Prof. P. M. Elias, Dermatology Service (190), VA Medical Center, 4150 Clement Street, San Francisco, CA, USA.

Tel: +1 415 750 2091;

Fax: +1 415 750 2106;

Email: eliasp@derm.ucsf.edu

Abstract

Stress slows cutaneous wound healing (WH) in an endogenous glucocorticoid (GC)-dependent fashion. We investigated whether stress/GC-induced delays in WH require further intracutaneous activation of endogenous GC; and whether blockade or down-regulation of peripheral activation normalizes WH in the face of stress.

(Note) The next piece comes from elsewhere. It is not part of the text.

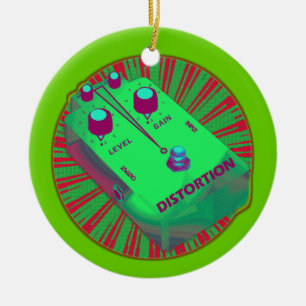 Röd elektrisk grönt för gitarrdistorsionspedal julgransprydnad keramik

Delayed WH in our motion-restricted murine model of stress could be attributed to elevated systemic GC, because blockade of GC production (using corticotropin-releasing factor inhibitor, antalarmin), or of peripheral binding to the GC receptor [GCr], with an antagonist, Ru-486, normalized WH. We next investigated whether local blockade or down-regulation of the peripheral GC-activating enzyme, 11β-hydroxysteroid dehydrogenase type 1 (11β-HSD1), accelerates cutaneous WH. Topical applications of nonspecific (carbenoxolone) as well as an isoform-specific 11β-HSD1 inhibitor overcame stress and exogenous GC-induced delays in WH. Moreover, two liver X receptor ligands, TO901317 and GW3695, down-regulated expression of 11β-HSD1, attenuating stress-induced delays in WH. Combined inhibitor and liver X receptor ligand applications accelerated WH in the face of stress/systemic GC. Thus: (1) intracutaneous conversion of inactive-to-active GC accounts for stress (GC)-induced delays in WH; and (2) blockade or down-regulation of 11β-HSD1 and/or GCr normalize cutaneous WH in the face of stress/GC. Local blockade or down-regulation of cutaneous GC activation could help enhance WH in various clinical settings.